_Task description_
Only the lines from the one with "Тяга КПП Skoda Octavia A7 III SE (13-20)" through the final line below belong in the answer, copied exactly and without pictures.

━━━ Material provided

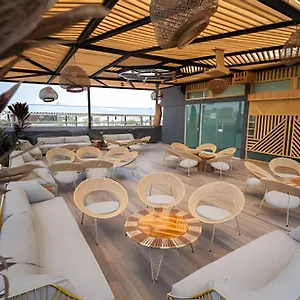 https://habitacion-doble-calle-94-x2-by-caribecheap.hotels-in-barranquilla.com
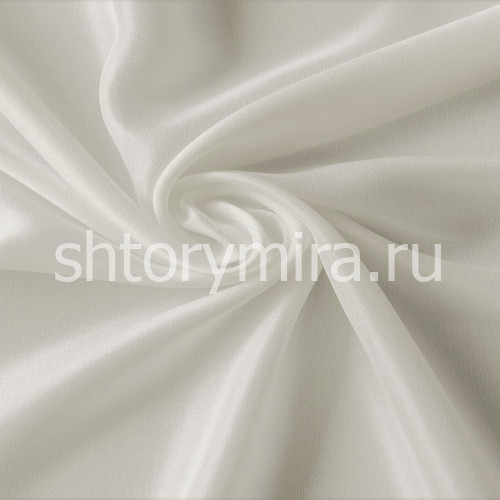 Ткань 50001 Ivory Vistex
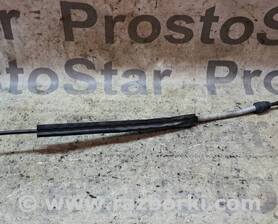 Тяга КПП Skoda Octavia A7 III SE (13-20)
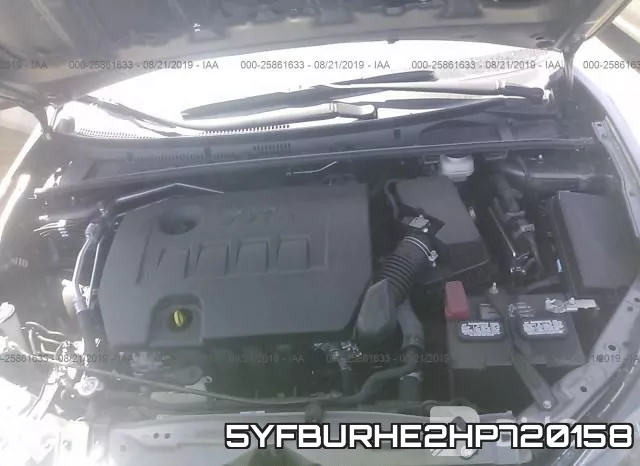 5YFBURHE2HP720158_10.webp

━━━━━━

_Written response_
 Тяга КПП Skoda Octavia A7 III SE (13-20)
 5YFBURHE2HP720158_10.webp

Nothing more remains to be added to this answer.